Há, a propósito desse capítulo a respeito “Dos coches”, uma pergunta que T. Todorov abstém-se de fazer: e se Montaigne jogasse deliberadamente não apenas com a contradição inscrita em seu ensaio, mas também com a surpresa e a irritação que ela pode suscitar no leitor? Em outros termos, é possível que o exegeta, em sua condenação violenta, tenha caído vítima da armadilha do texto, das ciladas de uma escrita infinitamente mais ardilosa do que pode parecer, pouco redutível, com efeito, à pequena pedagogia de bolso destilada por Les morales de l’histoire.

Ao ler Todorov, pode-se duvidar seriamente da utilidade da Renascença, período, de resto, magnificamente esquecido em Théories du symbole, do mesmo autor.[6] Para que serviria a Renascença, além de nos mostrar um esboço inacabado, os rudimentos desajeitados de um pensamento moderno que só encontraria sua expressão coerente e inteira depois do século das Luzes?

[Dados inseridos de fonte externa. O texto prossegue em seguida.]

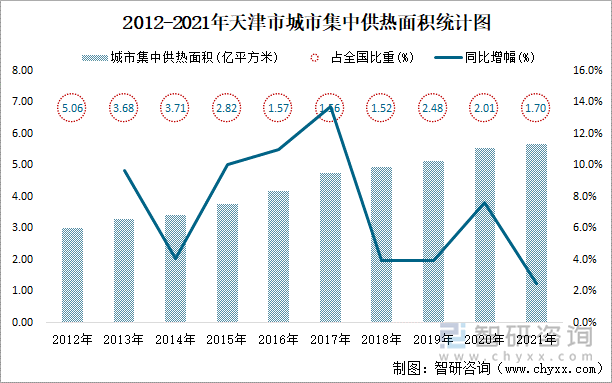 2012-2021年天津市城市集中供热面积统计图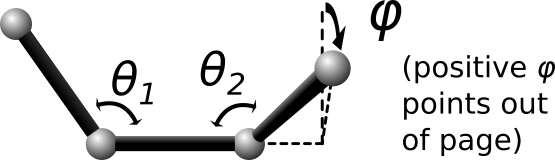 _images/dihedral_spherical_angles.jpg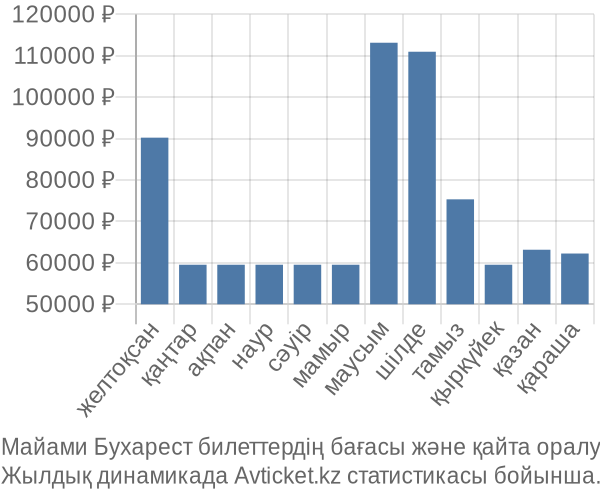 Майами Бухарест авиабилет бағасы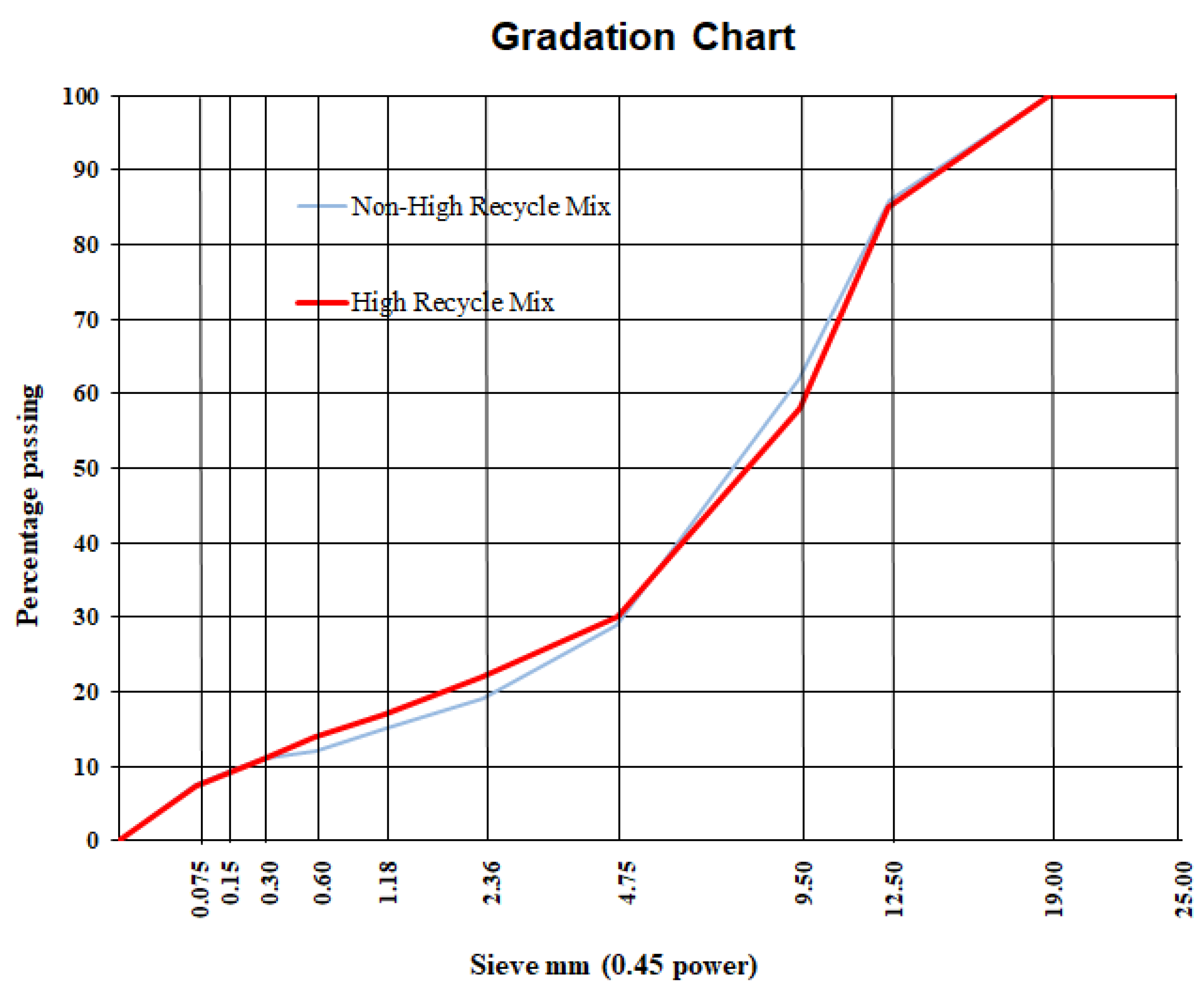 Sustainability 11 01792 g001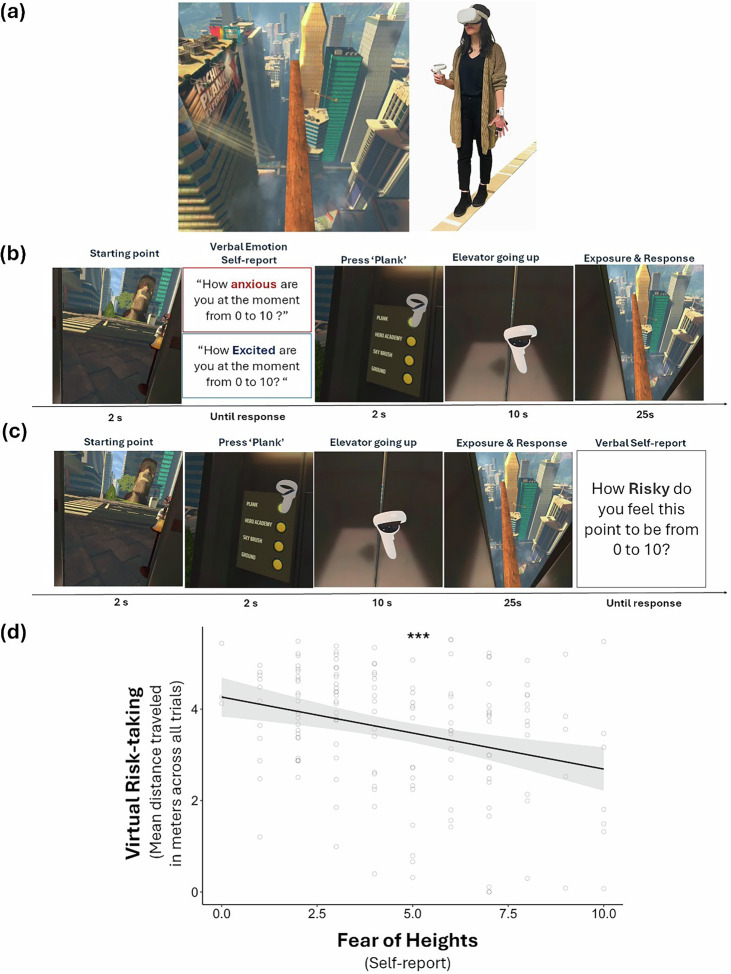 Escalating risk-taking is linked to emotional habituation.
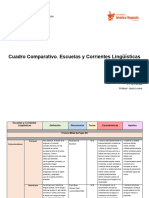 Cuadro Comparativo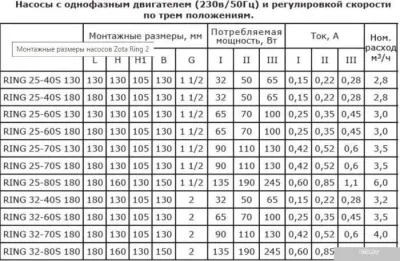 Zota Ring 25-60 S 180 (с гайками)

Esse positivismo estreito do crítico é acompanhado de uma suspeita generalizada com relação a uma antropologia mal alinhavada, feita de emendas e de costuras que ela é incapaz de esconder. Pois, afinal, o relativismo radical que ecoa incansavelmente pelos Ensaios seria desonesto se não fosse infantil em seu próprio exagero. Analisada sob o crivo do politicamente correto, o que resta de uma tal empresa filosófica e literária, a não ser a satisfação solitária, profundamente egoísta e derrisoriamente inepta de um eu detestável que vira as costas para o mundo inteiro, sem perceber que é nesse mundo que se encontram seus leitores potenciais?

O método aqui adotado seguirá uma via diferente, calcada, pode-se dizer, nas pendências do caminho incerto que Montaigne continuamente retoma. Insistirá na inteligência do século XVI, em sua lucidez extrema, como o fez, em um estudo exemplar, Claude Lévi-Strauss. Antes de querer explorar os subterrâneos do texto e suspeitar imediatamente de sua honestidade intelectual, convém lê-lo com toda a “boa-fé”, seguindo o convite expressamente formulado no início dos Ensaios, e fazer dele o objeto de uma não-nutrição perspicaz.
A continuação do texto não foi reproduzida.